For instance complete the following sentences:
“I want to reach my goal, but _________.”
“I haven’t reached my goal, because _________.”
Fill in the blanks and you will find some interesting limiting beliefs.
This is pretty powerful stuff. So do it!
And then you can even change your beliefs, so that they don’t limit you, but support you in your goal achievement. What a concept!

The third word: Habits.
When you set new goals that pull you out of your comfort zone and need you to form new habits, or give up old habits, you will feel resistance.
That’s something we call habit gravity.
The moment you start to form a new habit, your old habits that are in contrast to your new habits will pull you back down.
For instance when your goal is to start running every morning, you might do it the first 2 days. Then your old habit of sleeping longer will show his ugly face and resist the creation of your new habit.
So you have to escape this habit gravity. And that’s done by…

The last word: Focus.
You can radically improve your goal achievement if you learn how to focus your mind on your goals.
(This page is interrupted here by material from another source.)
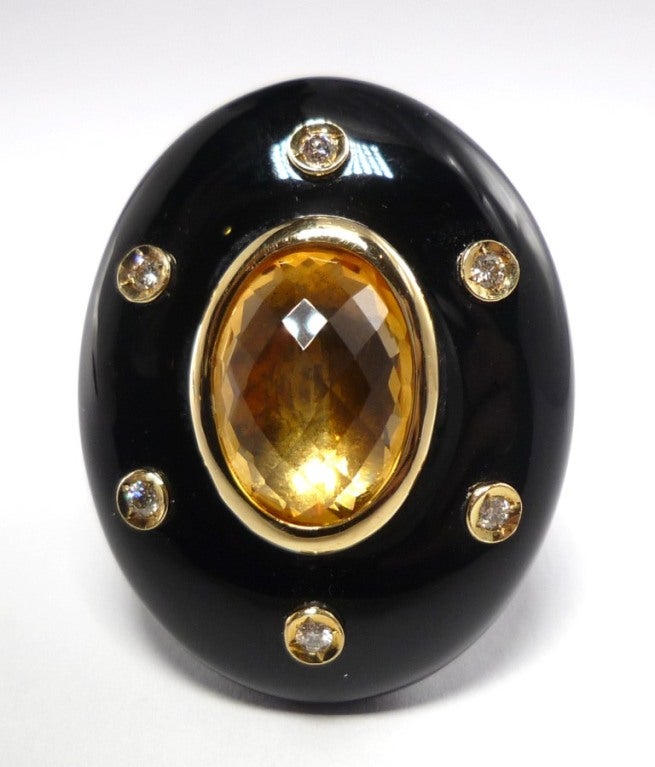 Massiver Onyxring mit einem Citrin im Ananasschliff, umgeben von Diamanten im Brillantschliff, gefasst in 750/- Gelbgold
If you’ve set a powerful goal, a goal that is representing what you deeply desire inside, then your mental focus is your tool to make this goal your reality.
“The main thing is to keep the main thing the main thing.” ~ Stephen Covey 
People think focus means to decide what to focus on. But in reality, this is not the main thing.
The main thing is to say no to all the things you could do, but which would distract you from your goal. To stay focus you need to learn to say no.
So learn stay focused on your goals and you’ve gone the next step.